Aurukun is one such place where this myth is peddled. We’ve heard it again in recent weeks.

Yet there’s work to be done in Aurukun like anywhere else. Teaching and policing (clearly); health work; construction and repairs; cleaning; waste management. Aurukun has an airstrip with daily flights, an art centre, a supermarket, houses, satellite dishes, fencing, generators, plumbing, septic systems, water tanks, air conditioners, cars, houses, roads and other infrastructure. There are also regional jobs in the mining and agriculture industries and many locations and activities attractive to tourists.

The problem is not a lack of jobs but that the jobs which do exist are mostly done by people from outside the community or not at all.
All across Australia there are remote Indigenous communities stuck in this intellectual trap.

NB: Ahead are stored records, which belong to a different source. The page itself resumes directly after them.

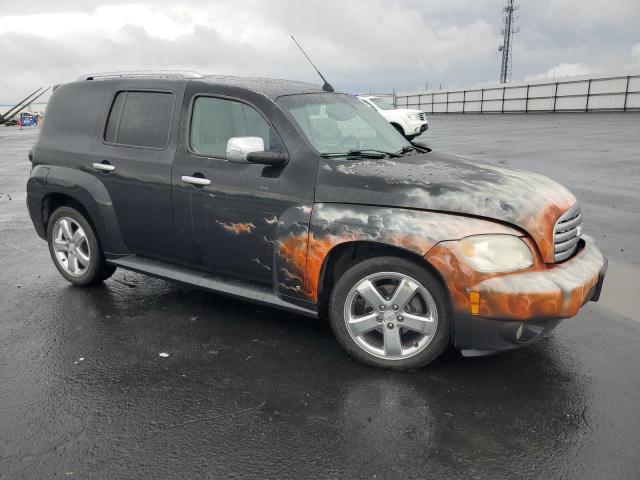 2008 Chevrolet Hhr lt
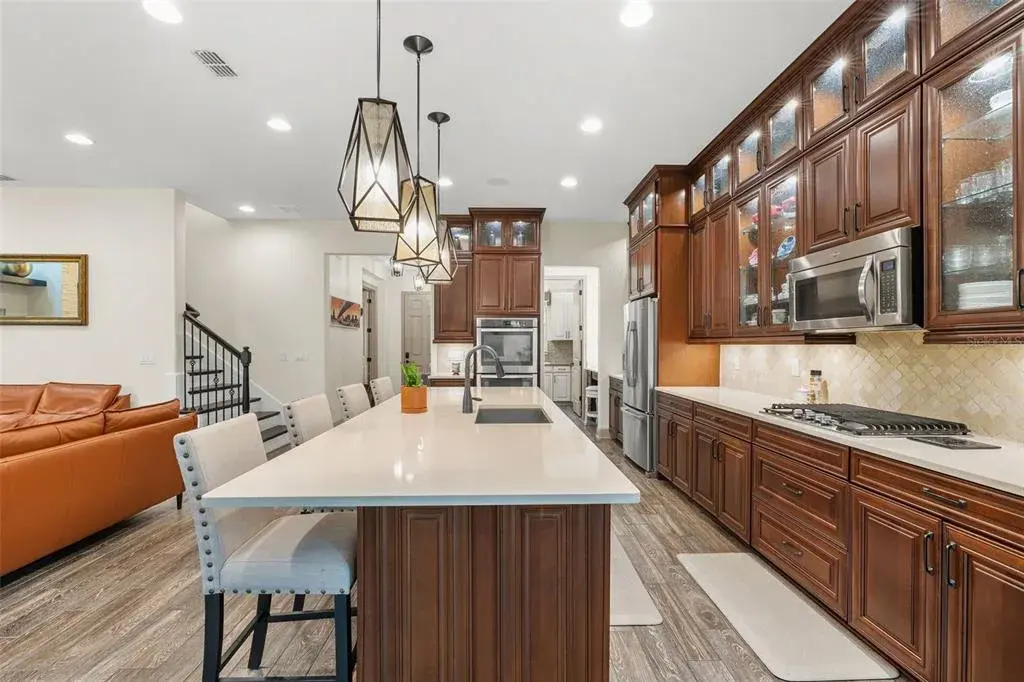 Property for sale at 16924 TRADEWIND POINT, WINTER GARDEN, FL, 34787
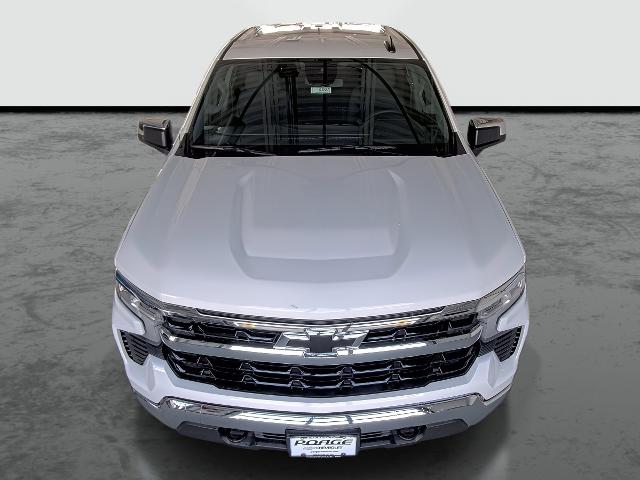 2025 Chevrolet Silverado 1500 Vehicle Photo in WENTZVILLE, MO 63385-1017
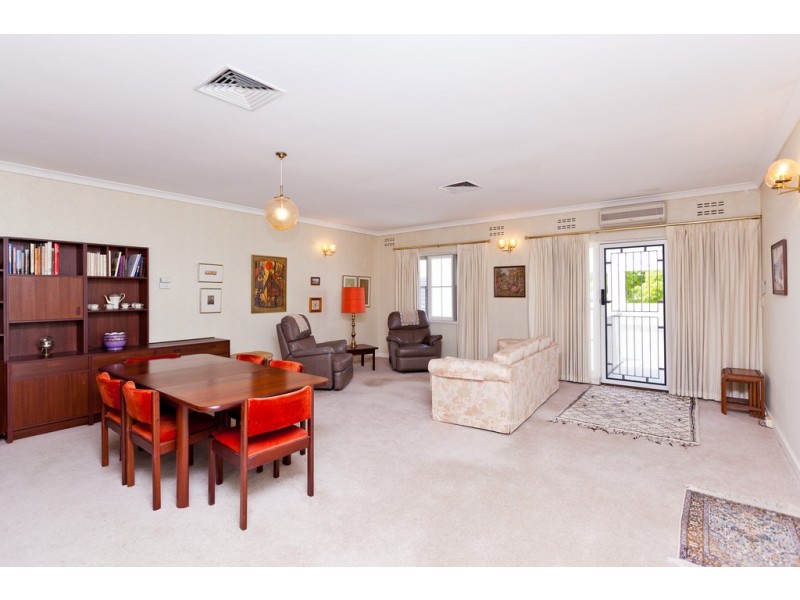 16/128 Forrest Street, Peppermint Grove WA 6011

It doesn’t need to be like this.

Sometimes people can’t see what’s right in front of them. I encourage community leaders to do a simple exercise. Firstly, do a stocktake of all jobs that exist in the area and who currently does them (if anyone). It can surprise people how many jobs exist in places where there are supposedly no jobs. Then list commercial activities people would do in the community if they could – like buy coffee, or get a haircut or visit a dentist or get a takeaway meal or buy clothes. The things people currently do when out of town.

Next identify the qualifications and skills required to do those jobs and activities and how long it would take a local person to acquire them. What’s the pathway to becoming a teacher, police officer, pilot, health worker, dental hygienist, plumber, cleaning contractor, driver, shop owner, doctor. Sure, it may take time and effort for to qualify for some jobs. So what? The point of a master plan is setting out the goal and the pathway to get there. To give people something to work towards and within. And to show people there are jobs for them in their own communities they can aspire to. Actually, it’s expected of them.

Community leaders can start drawing up plans for getting locals into local jobs today. And with policies like the Employment Parity Initiative and Indigenous Procurement Policy, there’s a clear, and mandated pathway for moving local people into local work starting with government jobs and contracts.

There are genuine barriers to towns like Aurukun developing real economies, such as legal constraints preventing private home ownership. I’ve written extensively on these. But even with these restrictions, there are jobs in Aurukun. Locals can and should be doing them.